Prototyping Autonomy for Smart Mooring

How can the benefits of autonomy be brought to the most human-exposed and time-critical step of inland shipping – mooring – without redesigning ports and barges? At the Researchlab Autonomous Shipping (RAS) of the TU Delft, postdoctoral researcher Javier García Martín has been working on this challenge over the past year within the autonomous e-barge and transhipment work package of the MAGPIE Project. One of the central focus of the project is the development and validation of the Kiss & Ride concept for autonomous inland shipping – an idea borrowed from urban transport: arrive, “kiss” the quay, transfer, and “ride” for leave, fast and predictably. As one of the most important operations of the Kiss & Ride concept, mooring today remains a critical bottleneck: it is labour-intensive, highly sensitive to local conditions, and difficult to standardize.
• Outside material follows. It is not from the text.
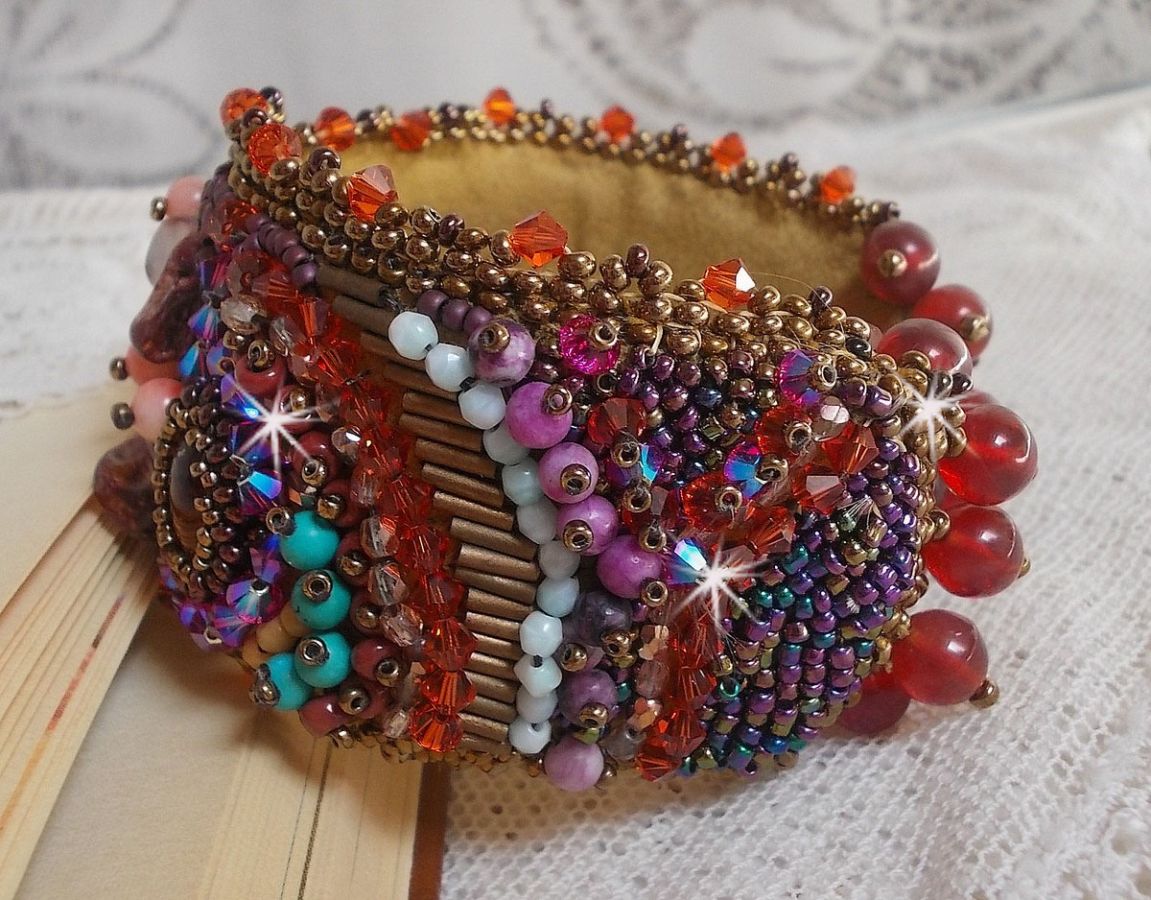 Topaas Manchet Armband geborduurd met een parelmoerachtige Mahonie schijf, Amethist, Licht Roze Koraal, Swarovski Kristallen en rocailles.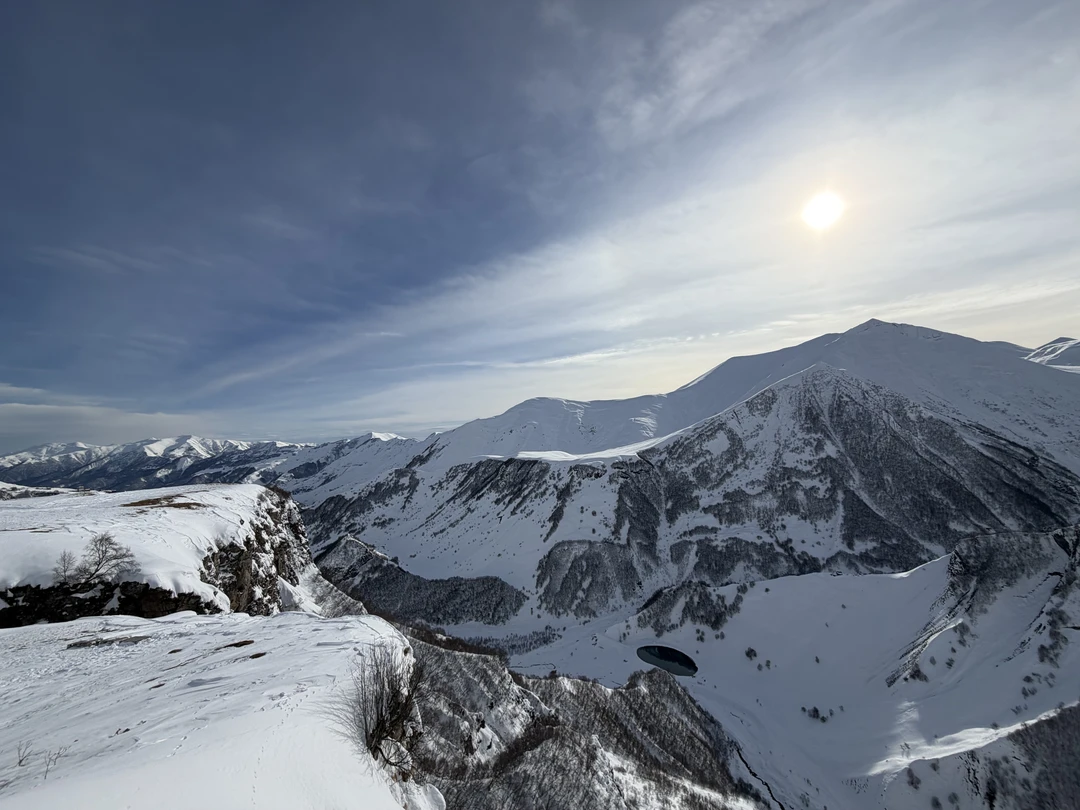 Удивительной красоты горы, впечатляющие виды, море впечатлений и огромное желание вернуться теперь в теплое время года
To address smart and autonomous mooring, the research at the RAS aims to develop a framework integrating collaborative planning protocols, algorithms for autonomous docking and collision avoidance, and both model-scale and pilot-scale demonstrations of container transshipment between terminals.

Challenge

Within this framework, Javier has also contributed to the education of the Master track Multi-Machine Engineering (MME) at TU Delft, where he challenged MSc students to design, develop, and demonstrate innovative Kiss & Ride solutions. Through integrated design projects, Javier guided students’ training in hands-on prototyping and research-driven innovation, linking academic learning with real-world challenges in autonomous shipping. More specifically, two project teams presented their complementary concepts that fit the mentioned idea – arrive, berth, transfer, depart – while keeping people away from the snap-back zone and preserving existing terminal layouts.

Team 1

The first team designed two modular floating helpers, one forward and one aft, that push and hold a barge safely against the quay during the Kiss & Ride window. Each helper is a compact L-shaped platform equipped with azimuth thrusters for all-directional control and a battery-electric powertrain to keep local emissions at zero. In operation, the pair acts like robotic tug-fenders: they approach the barge, align with its hull, apply gentle and distributed thrust, and maintain a controlled contact so that the vessel can be positioned precisely for cargo operations. A few choices make this approach attractive for pilots. The helpers rely only on contact and control without requiring rails, magnets or bespoke fittings on the quay or the hull. The structure is modular using barge sections that can be configured to size, and the drive and energy packages can be containerized for straightforward maintenance or swap. During the demonstrations in the RAS the 1:50 models executed approach and push-to-hold manoeuvres cleanly, validating the choreography and the controller logic at scale. For longer holds, the design includes a winch-assisted mode to reduce energy consumption, and the team put early work into “safe release” sequences so an abnormal event does not cascade into an incident. The result is a helper that does one thing consistently well – accurate and repeatable positioning – without adding complexity to the terminal.

Team 2

The second team tackled the complementary problem: placing and tensioning lines autonomously from the vessel side. The solution, nicknamed MAGgrip, combines a long-reach folding arm with a soft, adaptive end-effector and a deck winch. The arm’s task is limited to placing a pre-formed rope loop over a bollard or a mooring buoy. Once the loop is seated, the winch pulls the vessel in and keeps the line under controlled tension. Because the line – and not the arm – carries the mooring loads, the mechanical envelope on deck remains compact and the solution stays universal: the same loop can be placed on bollards with different heads and geometries.The soft gripper is the enabling detail. Built from a silicone structure with internal pneumatic chambers, it stiffens slightly when pressurized to shape and stabilize the loop as the arm approaches the target, and relaxes once the loop is in place so the rope bears the load directly. Demonstrations showed that the prototype gripper placed loops reliably on several bollard shapes.

Viewed together, the two concepts, the L-shaped modular floating helpers and the MAGgrip,  cover the full Kiss & Ride envelope. The quay-side helpers take care of approach, contact and holding in mooring, delivering predictable berthing conditions on demand. The MAGgrip places and tensions lines from the vessel side, taking crew off the quay edge and standardizing the most variable part of the process.